Give back every line of the data exactly. Pictures are not part of the copy.

Raw data:

━━━━━━━━

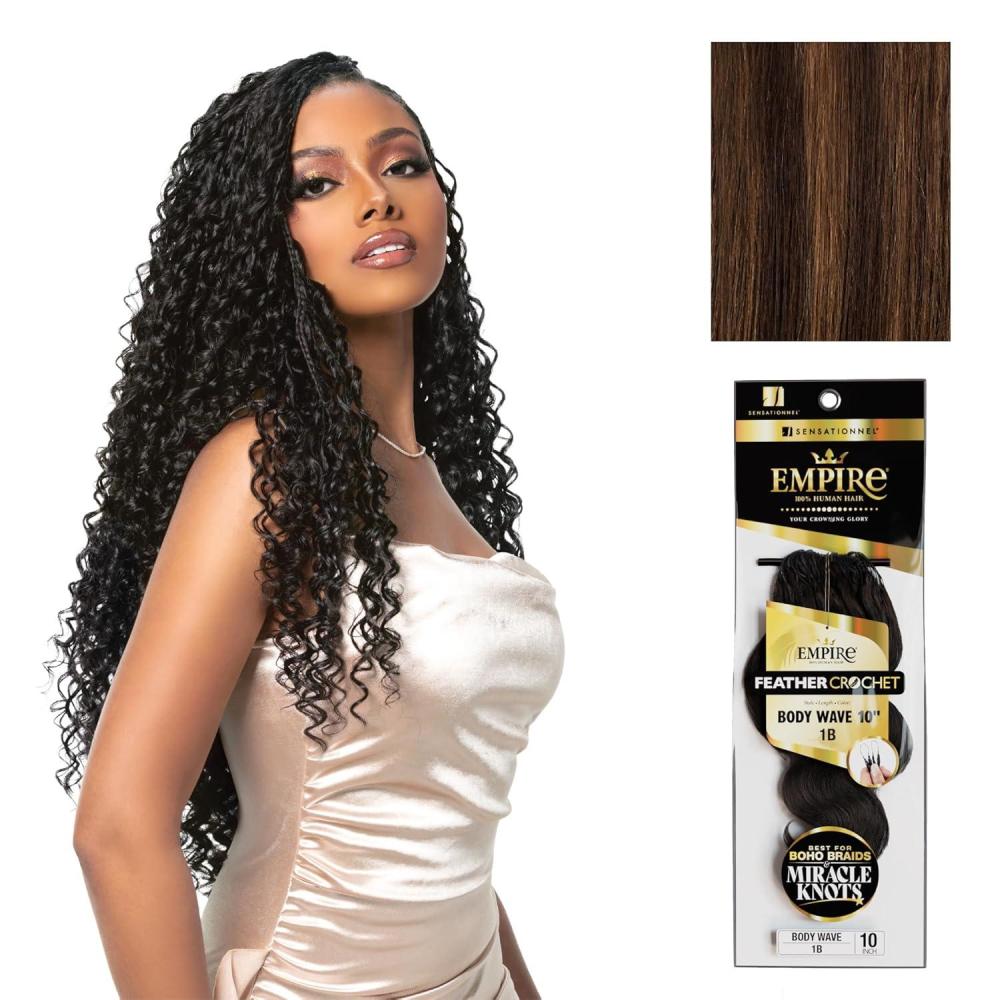 imageSensationnel Empire Feather Crochet Braiding Hair Body Wave Humanhair for Boho Braids and Miracle Knots Pre Separated 50 strands 10 inch 1 JETBLACKS430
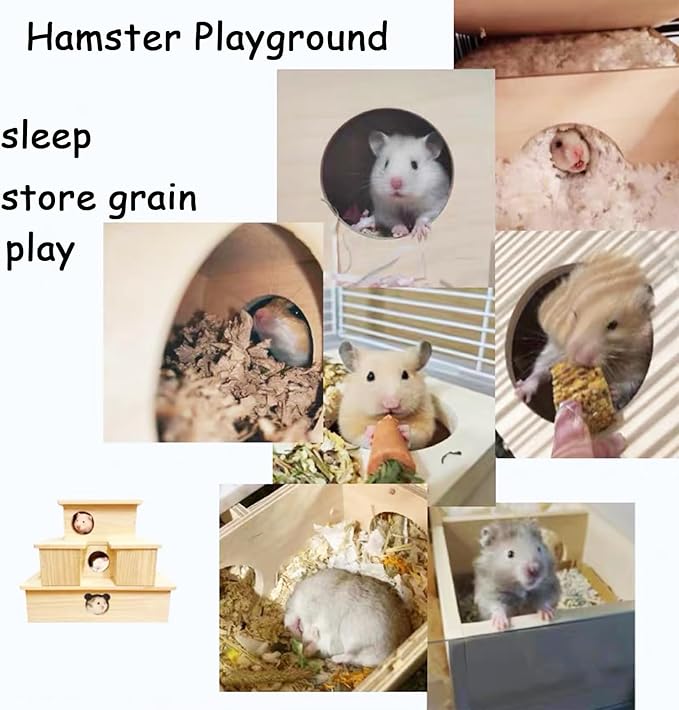 Wood House Hideout 2-Chamber Hamster Wooden Multi-Chamber Habitats Decor for Dwarf Chinchilla Mice Gerbils Mouse and Other Small Rodents
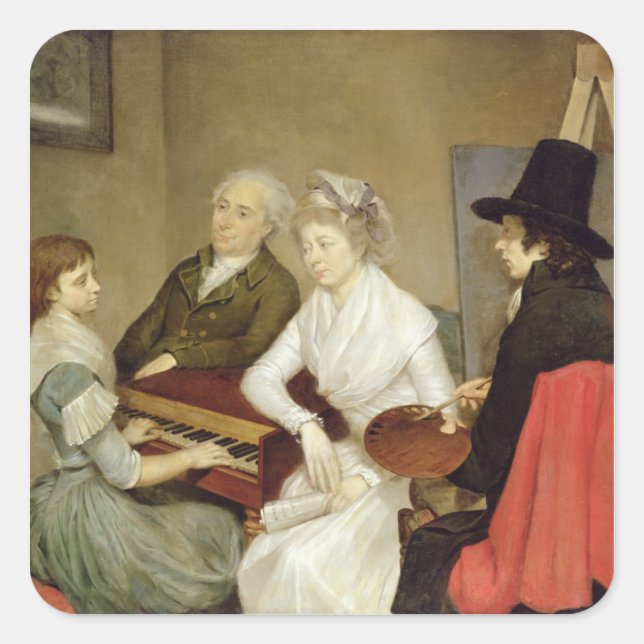 Self Portrait with Family Square Sticker (Front)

━━━━━━━━

Problem solution:
 imageSensationnel Empire Feather Crochet Braiding Hair Body Wave Humanhair for Boho Braids and Miracle Knots Pre Separated 50 strands 10 inch 1 JETBLACKS430
 Wood House Hideout 2-Chamber Hamster Wooden Multi-Chamber Habitats Decor for Dwarf Chinchilla Mice Gerbils Mouse and Other Small Rodents
 Self Portrait with Family Square Sticker (Front)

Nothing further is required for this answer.